WORK ORDER: Reproduce from the records below, with no pictures, exactly the lines between the one containing "Artificial Flower Heads" and the one containing "Blauwe velvet rok", inclusive.

RECORD EXCERPTS:
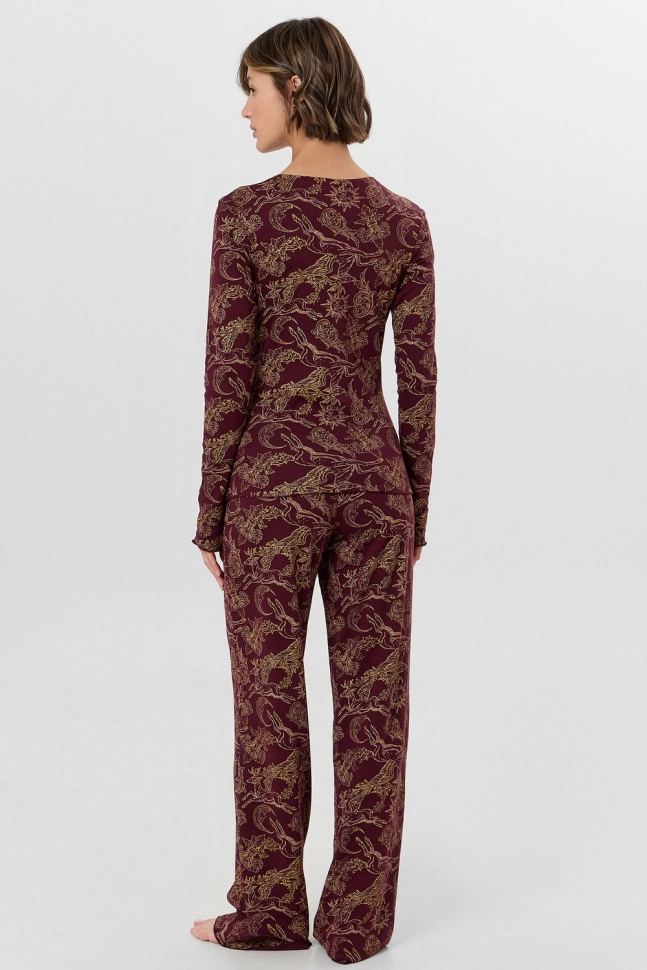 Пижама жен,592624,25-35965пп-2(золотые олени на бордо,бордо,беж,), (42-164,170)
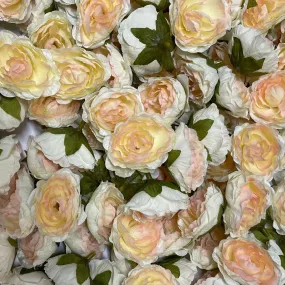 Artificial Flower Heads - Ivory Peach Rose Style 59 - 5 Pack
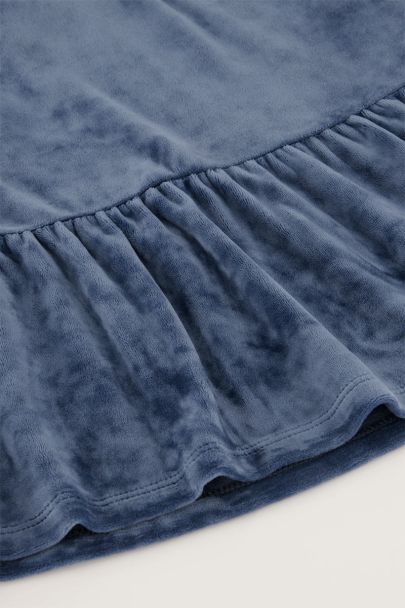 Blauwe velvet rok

--

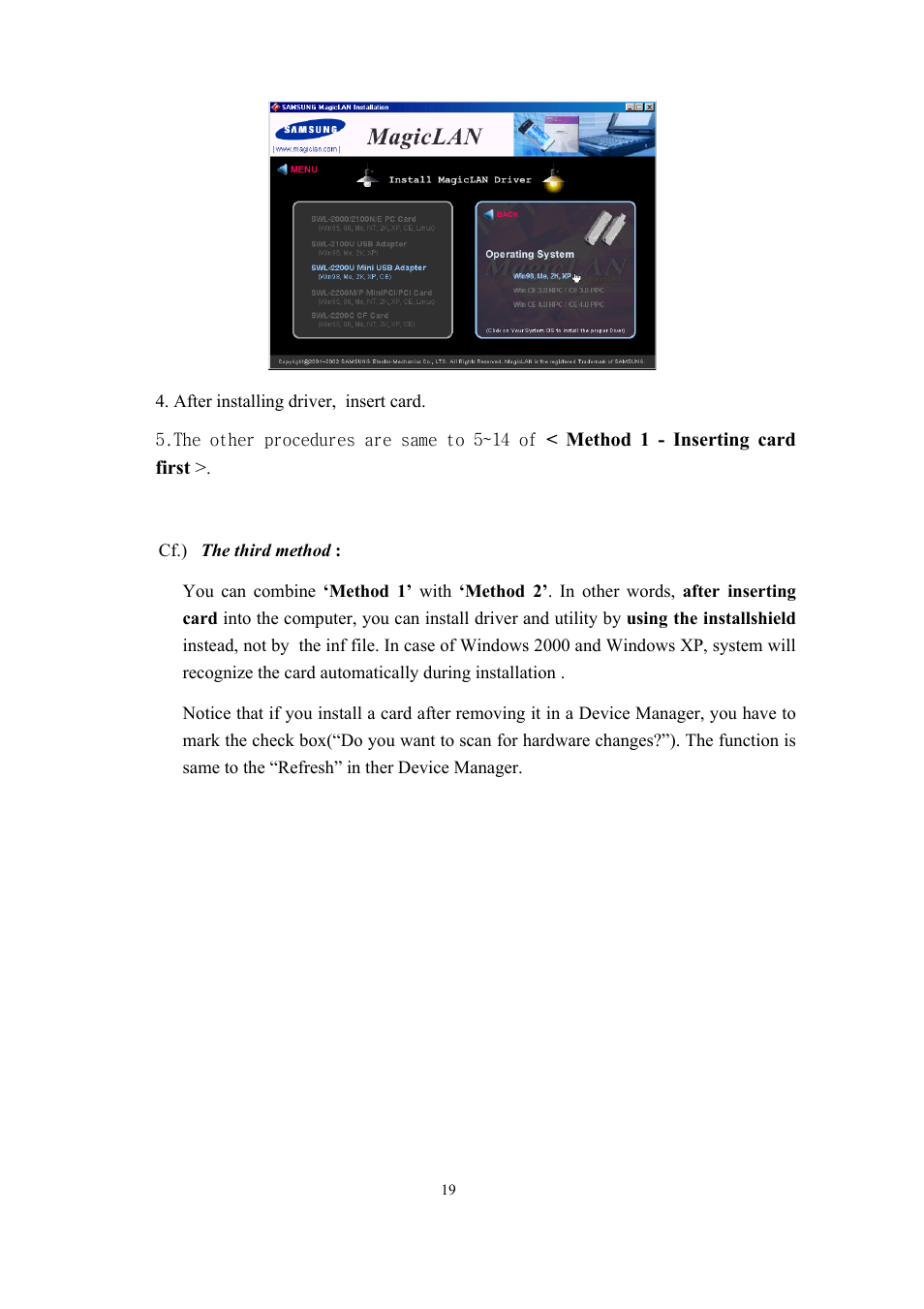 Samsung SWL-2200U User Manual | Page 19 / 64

---

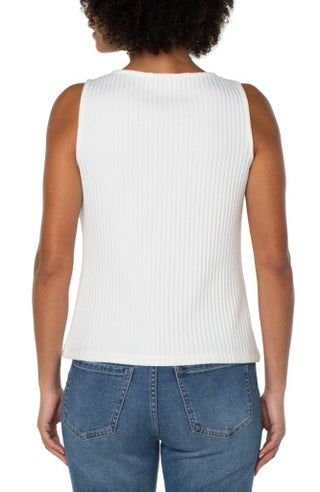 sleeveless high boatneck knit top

SOLUTION BELOW:
 Artificial Flower Heads - Ivory Peach Rose Style 59 - 5 Pack
 Blauwe velvet rok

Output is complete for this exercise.